What concerns many people, including myself is the time between now and tech unemployment; and the time between now and fundamental economic change. There could be a little lag with the adaptation of new types of entrepreneurship. This is the operant conditioning that I"m referring to. I'm not sure how quickly the populous will respond to the ques. On the same note though, I'm pretty sure that almost everyone will find something useful to do when unemployed. That's an evolutionary predisposition as well.

I saw something disturbing in the Post not long ago. "relieve poverty and cushion the effects of economic dislocation without encouraging idleness and sloth"

It makes me wonder what types of "incentives" they are cooking up for control measures under UBI. This concerns me because the governing structure would control access. On the same note however, the populous would likely respond by creating access with crowd tech that exists now. This probably suggests that UBI isn't sustainable, though temporarily useful.

Technology, namely data analysis has pretty much been sufficient enough to solve the trade problem with barter for the past 100 years. Now it's more than sufficient to obsolete trade systems all together. The problem with implementing it is with the autonomy that will not only be required but also demanded. Prefab social systems are having a great deal of difficulty gaining traction; because they just don't make sense. The Venus Project was put in the limelight by Zeitgeist and now Zeitgeist is politically polarized. This is probably because of operant conditioning as well. I wouldn't expect more than small contributions from either project.

The decentralized models are having a great deal of success though. Open source is kind of new model for gift economics. It might have a lot of influence; provided that a more coherent model for accounting emerges. This essentially means a large number of people working on it.

I guess it's time for "the economists in the audience" to pick up the glove :slight_smile:

The truth is automation isn't in itself that different from other processes of technological innovation. Even a fully automated economy (which isn't granted by current events) would be relatively easy to understand, and we could have many versions of such economy depending mostly on property rights and the wealth distribution. Despite seeming a disruptive, game-changing development, it isn't really that special, nor should we fear it more in economic terms than any other process of innovation. It's a topic that deserves a lengthy discussion that probably exceeds a forum post, but the TL;DR is that part of the apocalyptic views stems from a failure to distinguish partial equilibrium effects from general equilibrium results. While partial effects are more easily perceived by non-economists, general equilibrium logic comes with a bit of training in economics. There is a classic article by Paul Krugman explaining the differences between businessmen and economists (link: https://alvaroaltamirano.files.wordpress.com/2010/05/krugman_a-country-is-not-a-company.pdf), which applies to other non-economists as well.
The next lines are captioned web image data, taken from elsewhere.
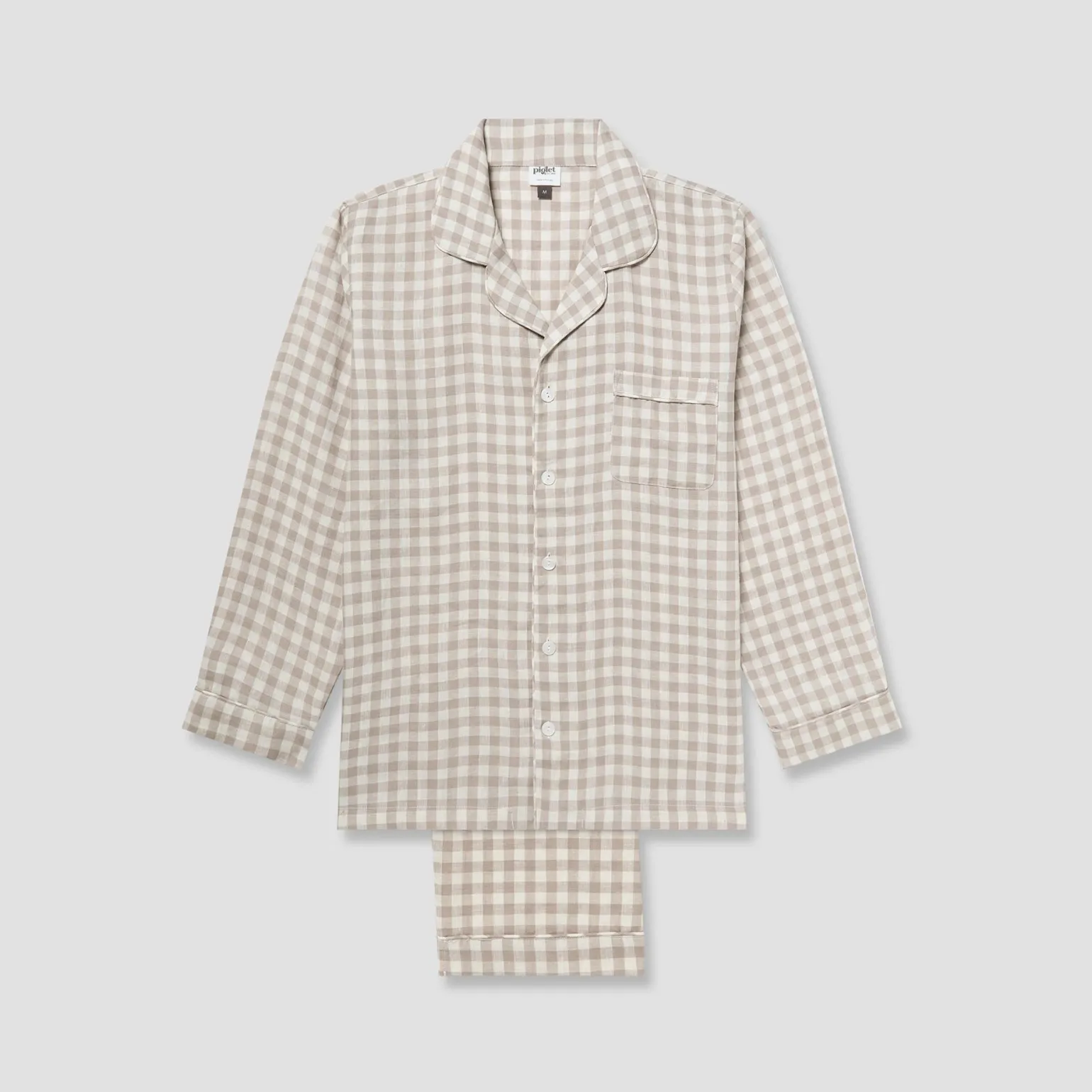 Men's Mushroom Gingham Pajama Set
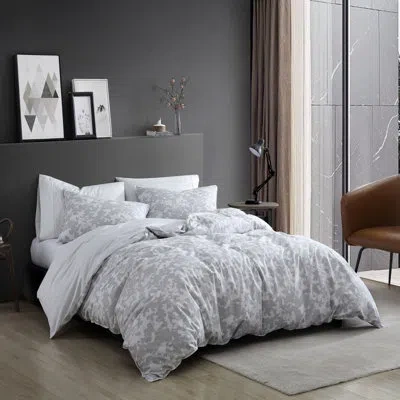 Kenneth Cole Merrion Organic Cotton Grey Comforter Set In Gray;tan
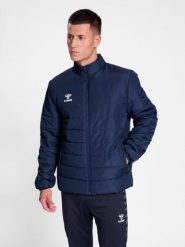 Kurtka puchowa Hummel Essential Szorty Bench. Niebieskie kurtki sportowe damskie Hummel, s, bez wzorów, z materiału, bez ramiączek, bez kaptura, do biegania. Za 269.44 zł.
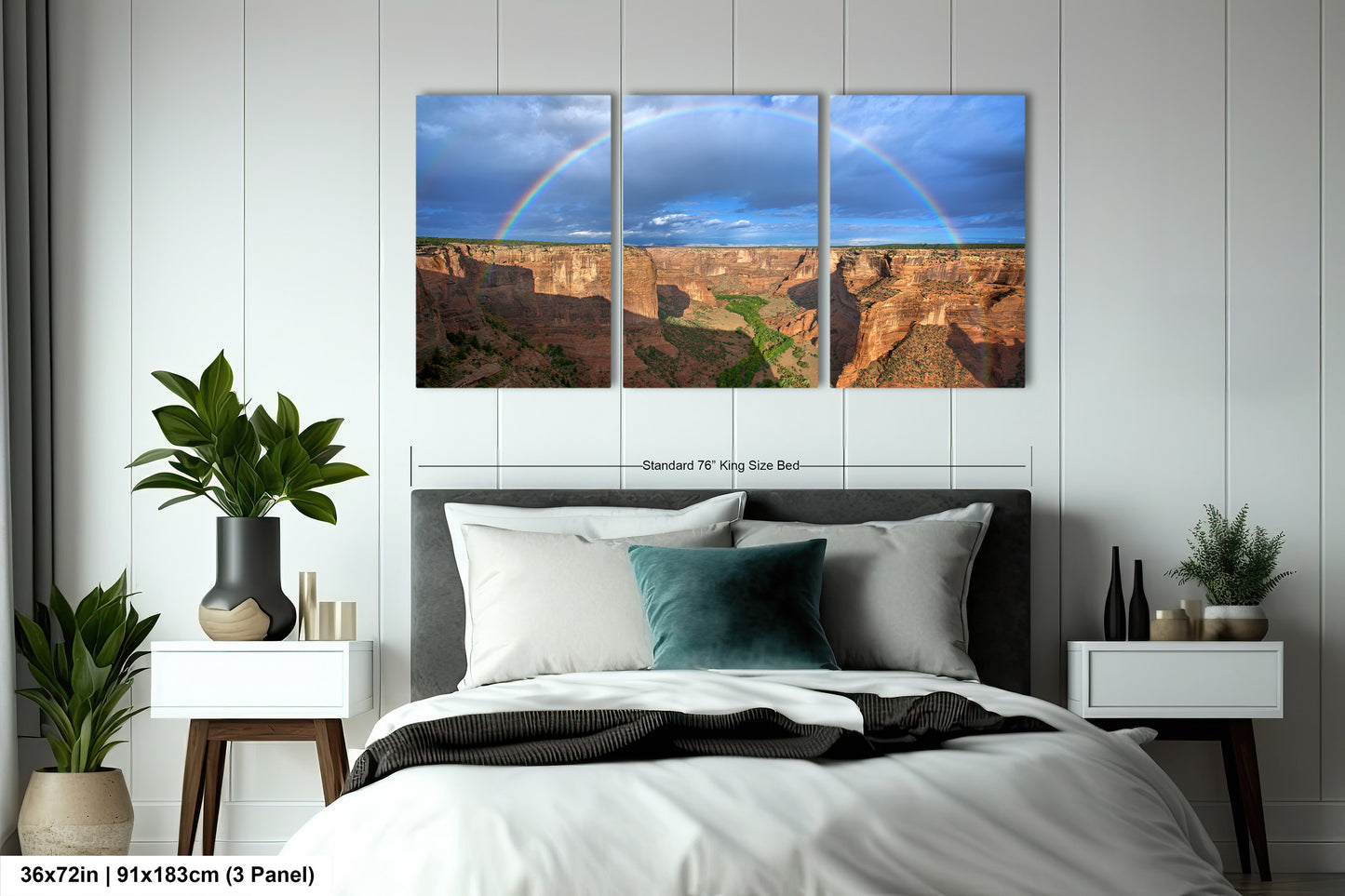 Canyon de Chelly Rainbow Art Print - Navajo Nation Arizona Landscape
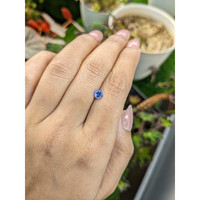 0.58 Ct. Blue Sapphire from Ceylon (Sri Lanka) Life Style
However, part of the concerns are not spurious. While a well-functioning economy full of robots is easy to outline (and it's actually an excitement prospect), the hardship is in the transition towards said economy. To make an analogy, having a lot of robots is no worse than having a lot of trains, but the process of expanding railroad transportation in the XIX century did open many wounds, albeit transitory from an historical perspective, that were very real for those alive at the time. Moreover, how the transition is carried out can shape which version of the automated economy we get.